書肆侃侃房 出版 東直子・佐藤弓生・千葉聡編著 「短歌タイムカプセル」 感想の注意書きです。
生命線ひそかに変へむためにわが抽出しにある 一本の釘
寺山修司は一時期すごく傾倒してて、歌集めっちゃ読んでました。その中で強烈に印象に残っているのがこの一首です。すごい勝手なイメージなんですけど、山小屋みたいなところに住んでて、木の机があって、抽出しはがたついてて、ぽつんと一本錆びた釘が入ってて、時々手に取って見るの。で、手のひらを削るところを想像するんだけど結局いつもやらなくて、またしまって、指に錆びが残る、みたいな感じです。釘を隠し持ちながらどこかで生命線を信じてるあたりが切ないですよね。このイメージ、自分でもなんで山小屋なのかなって思ったんだけど、多分(このアンソロジーには載ってないですが)

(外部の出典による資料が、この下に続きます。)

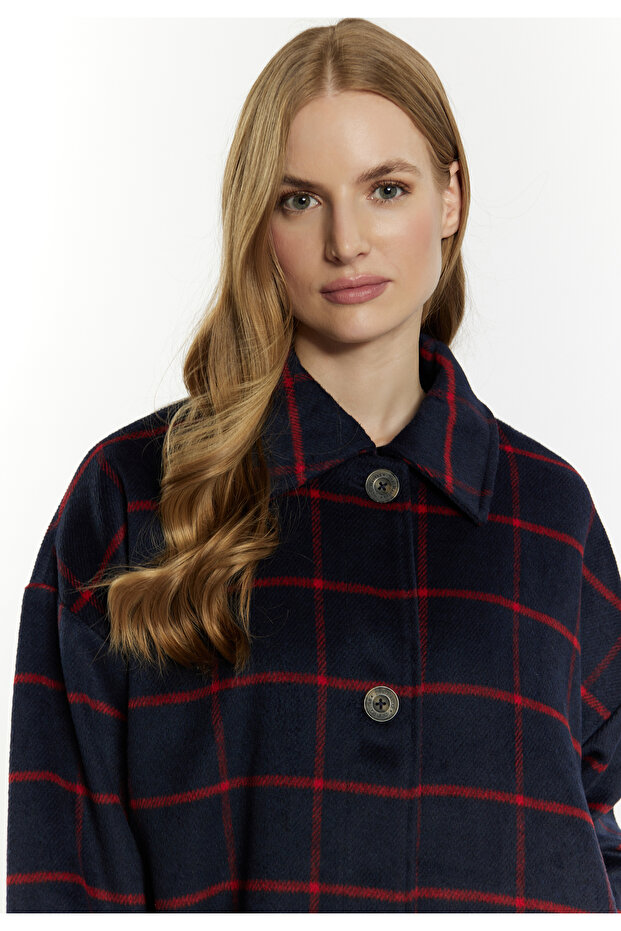 Transitional coat - 5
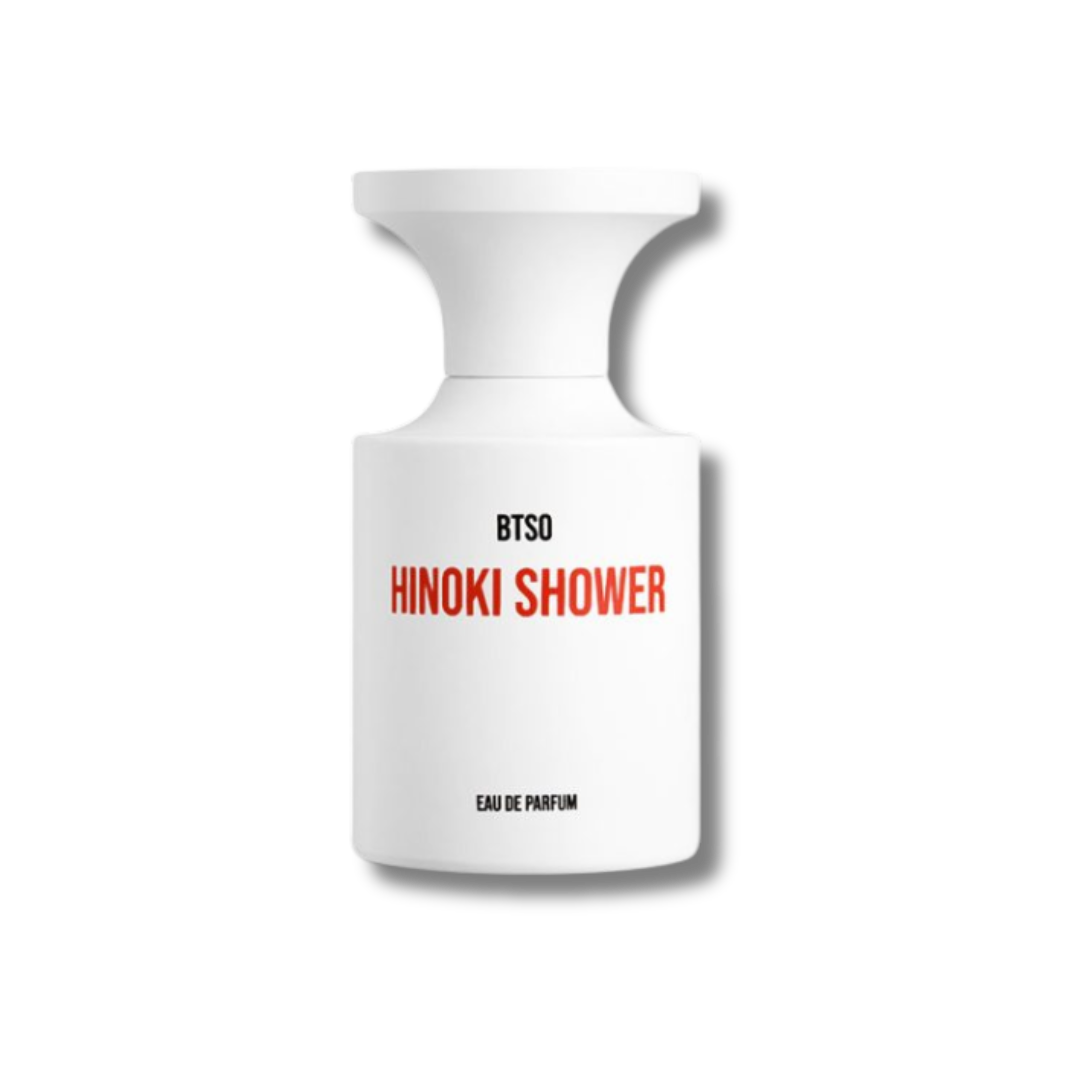 Duche Hinoki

わが撃ちし鳥は拾わで帰るなりもはや飛ばざるものは妬まぬ
からの連想だろうな。
あとこの歌を見るといつも石川啄木の
いたく錆びしピストル出でぬ
砂浜の
砂を指もて掘りてありしに
を思い出します。。錆びた釘のイメージからの連想だろうな…。釘が錆びてるというのは私の完全なる妄想なんですけど…。
寺山修司は好きな歌多すぎるんですが、
きみが歌うクロッカスの歌も新しき家具の一つに数えんとする
は鉄板で好きです。この歌のおかげでクロッカスを見ると気持ちが昂ります(笑)。